EXERCISE GOAL
Please repeat the data exactly. Any picture in it stays out.

COLLECTED MATERIAL
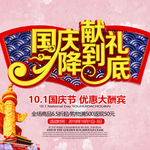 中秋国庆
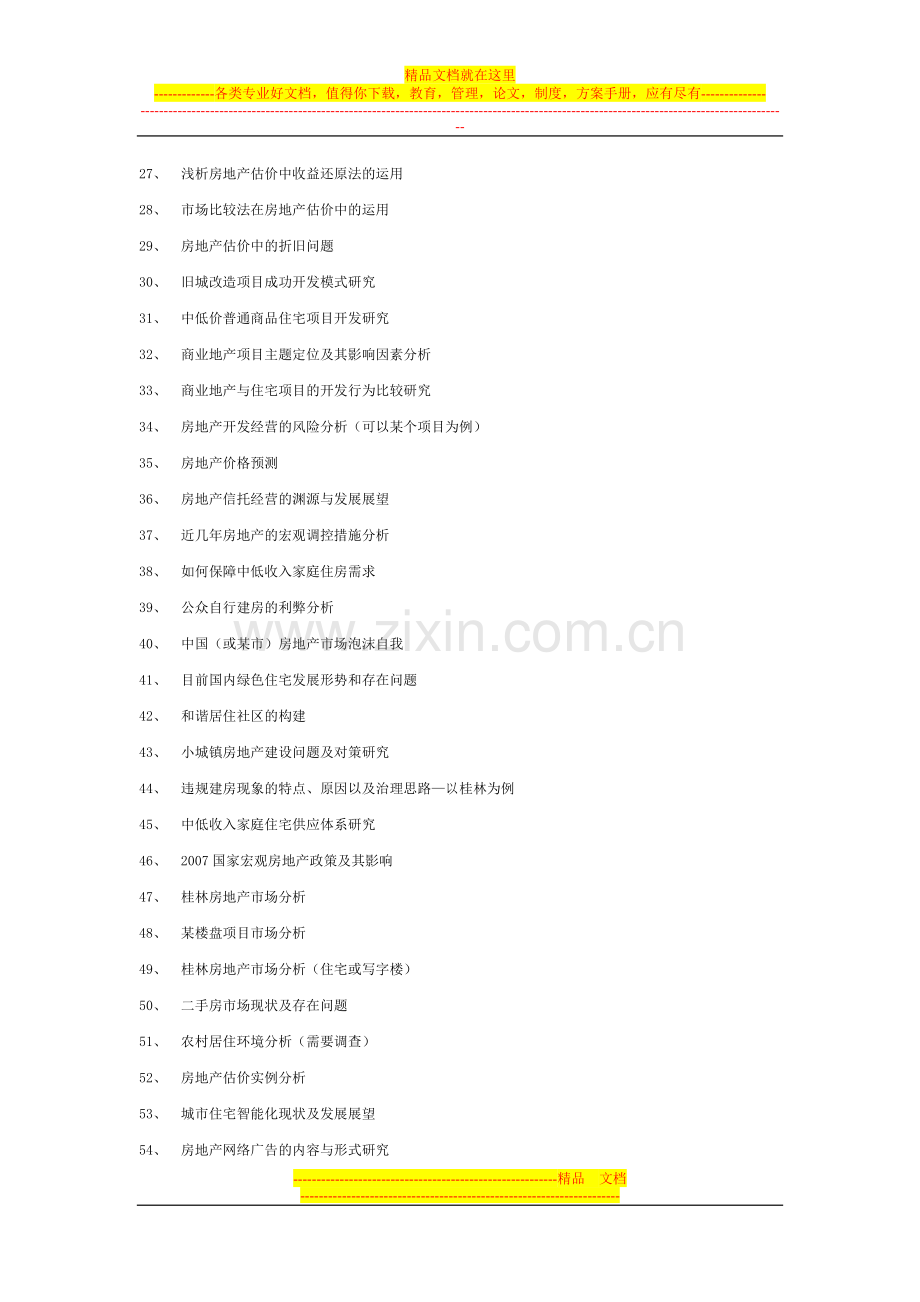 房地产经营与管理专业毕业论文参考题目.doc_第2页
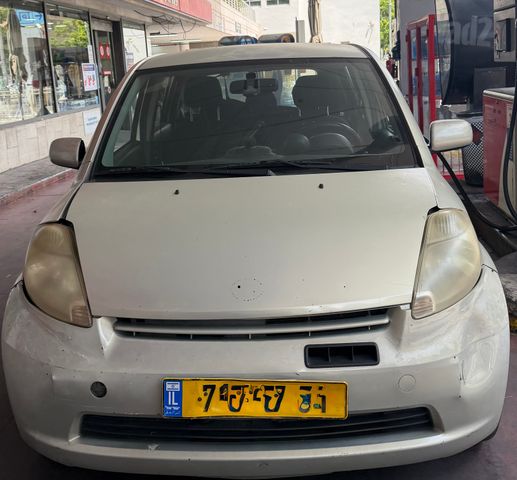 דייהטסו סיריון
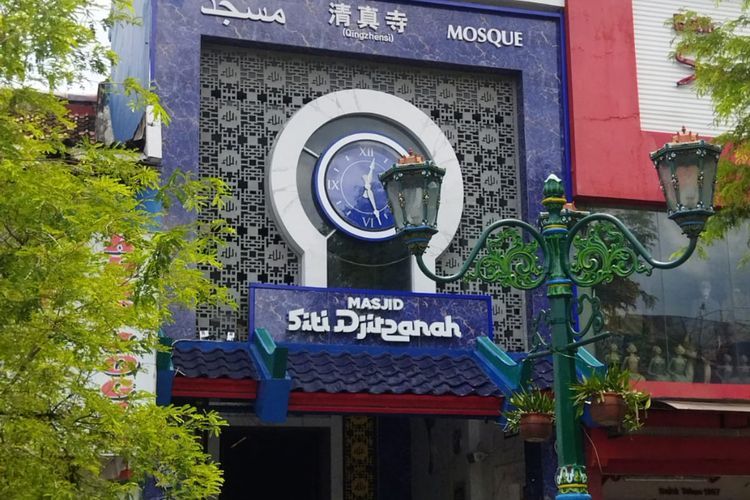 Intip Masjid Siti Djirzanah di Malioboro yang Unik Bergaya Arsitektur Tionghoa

COMPLETED TASK
 中秋国庆
 房地产经营与管理专业毕业论文参考题目.doc_第2页
 דייהטסו סיריון
 Intip Masjid Siti Djirzanah di Malioboro yang Unik Bergaya Arsitektur Tionghoa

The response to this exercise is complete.